Images are to be excluded, and the rest of the data repeated exactly.

----- Data excerpt -----

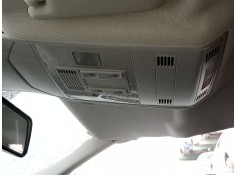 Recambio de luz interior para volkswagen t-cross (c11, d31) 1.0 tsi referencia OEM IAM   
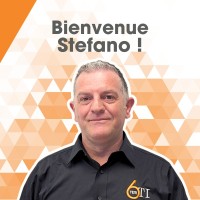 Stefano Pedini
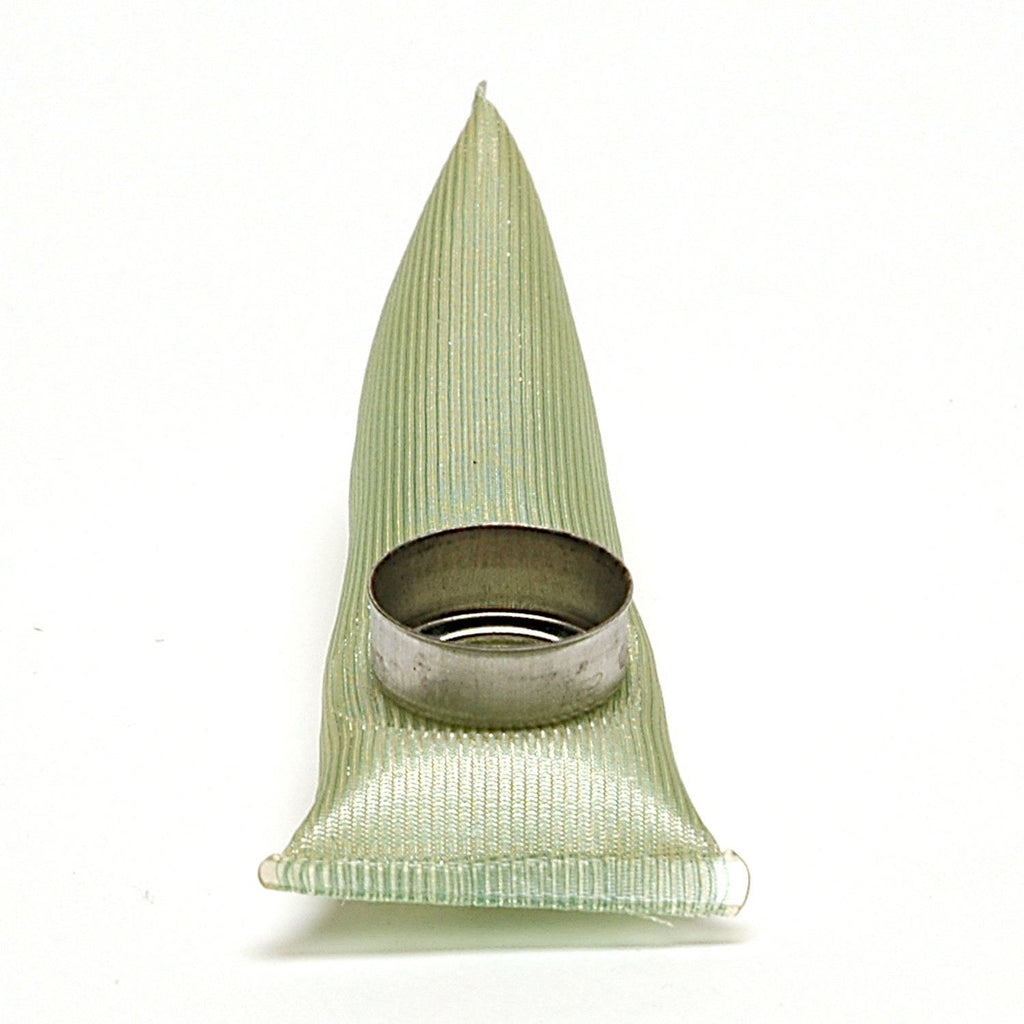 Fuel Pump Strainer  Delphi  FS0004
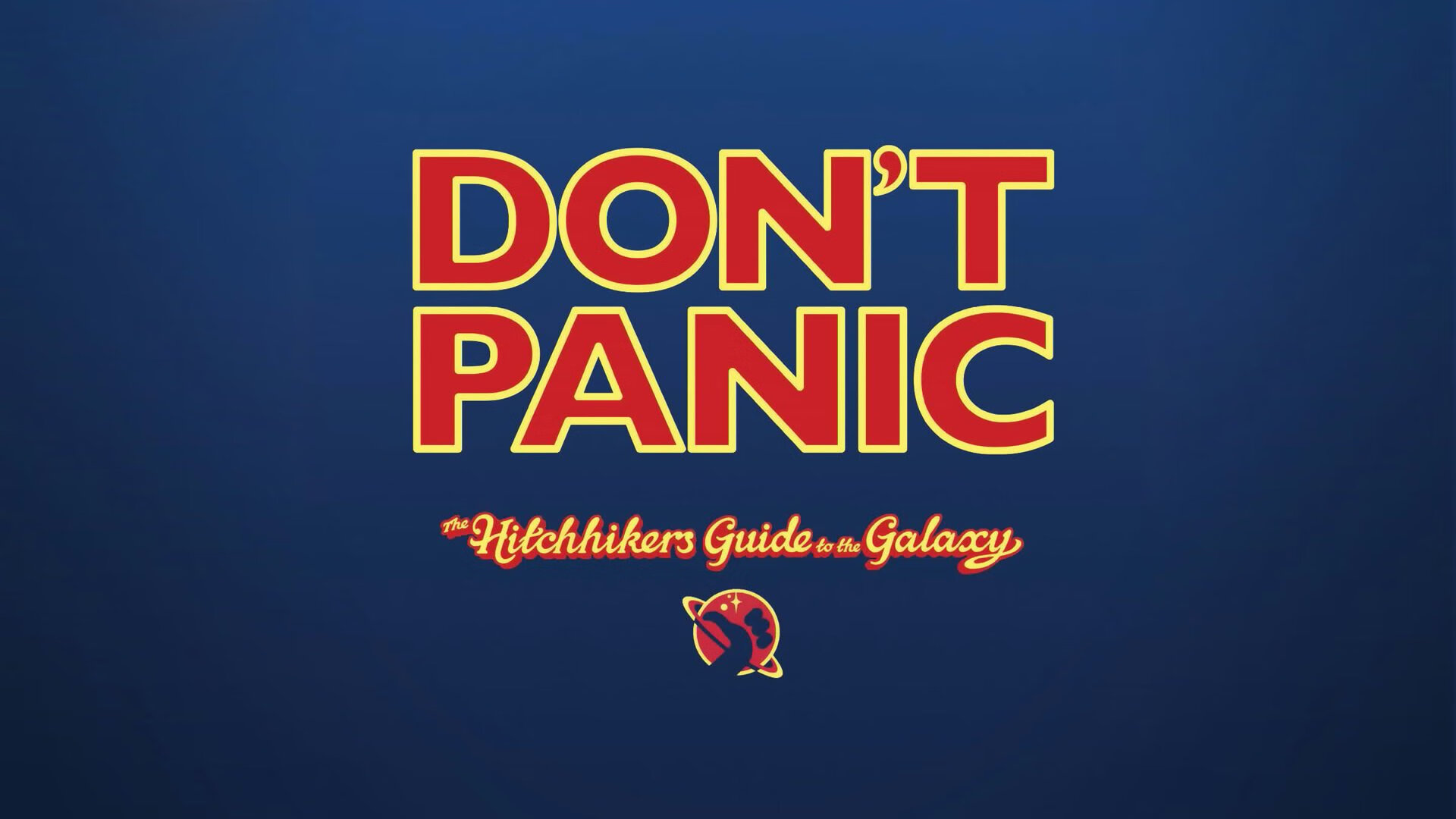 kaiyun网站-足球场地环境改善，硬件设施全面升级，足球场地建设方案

-----

## Task solution
 Recambio de luz interior para volkswagen t-cross (c11, d31) 1.0 tsi referencia OEM IAM   
 Stefano Pedini
 Fuel Pump Strainer  Delphi  FS0004
 kaiyun网站-足球场地环境改善，硬件设施全面升级，足球场地建设方案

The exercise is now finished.